E como os jogos fazem isso? Em primeiro lugar, eles conseguem oferecer ao jogador autonomia de decisão, mesmo que dentro de limites e regras. Nos tornamos autores de nossas próprias vidas, e sentimos que temos controle sobre nossos comportamentos, além de um senso de que nossas ações influenciam diretamente os resultados. Enxergamos nossos resultados quase que instantaneamente através de feedbacks constantes, um dos aspectos de maior relevância presentes nos jogos.

Já com relação à competência, os jogos são criados levando em consideração a progressão de cada jogador, com o nível de dificuldade dos desafios crescendo na medida em que a habilidade da pessoa evolui. Essa relação ideal permite o que chamamos de estado de fluxo, onde perdemos a noção de tempo e há uma imersão completa na atividade em questão. Esse estado é essencial para uma aprendizagem de qualidade e duradoura.

Por fim, os jogos também nos dão a oportunidade de nos conectarmos não apenas com outros jogadores em partidas cooperativas ou competitivas, mas com as histórias, narrativas, mundos e personagens desenvolvidos em profundidade e que dialogam diretamente conosco. Eles nos permitem experimentar o mundo e fazer sentido dele de maneira segura.
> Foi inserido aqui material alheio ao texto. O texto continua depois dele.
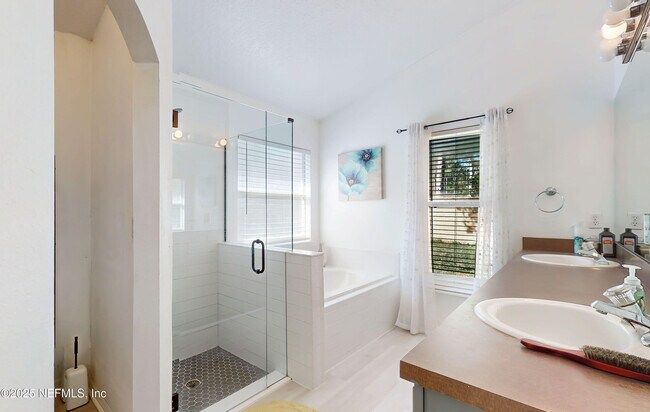 Foto del edificio - 212 Brookchase Ln W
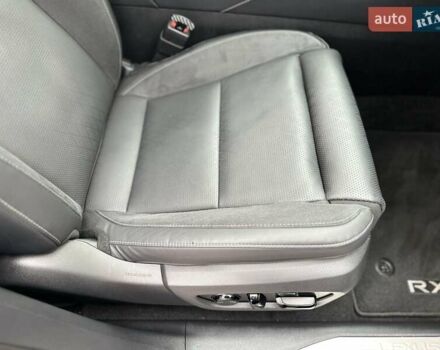 Білий Лексус РХ, об'ємом двигуна 2.5 л та пробігом 29 тис. км за 74500 $, фото 59 на Automoto.ua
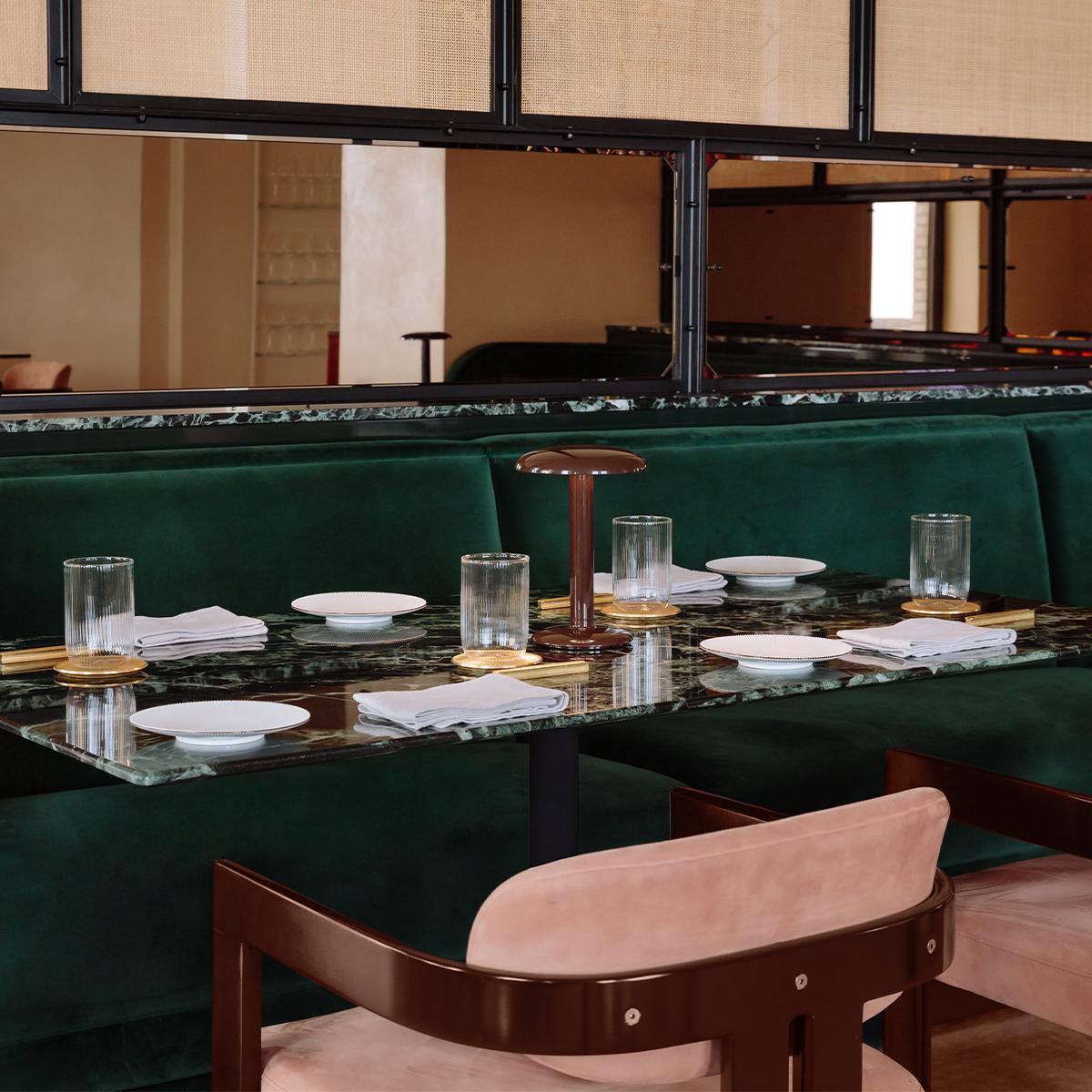 Lampe de table résidentielle Gustave en anthracite mat en vente 3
Nas escolas, os jogos, bem como suas metodologias, deveriam ter um papel essencial não apenas como ferramentas educacionais, mas como avenidas para o desenvolvimento pessoal e profissional.

Por que, então, ao invés de olharmos com atenção e curiosidade para os jogos para aprender com eles, os negligenciamos nos ambientes escolares? Por que tiramos os nossos estudantes de seu universo para trazê-los para um ambiente inóspito, ao invés de gentilmente batermos em suas portas de modo a levar nossas experiências e ensinamentos de maneira que seja relevante a eles, criando assim um ambiente educacional voltado ao indivíduo, seu bem-estar e preservando sua busca por identidade?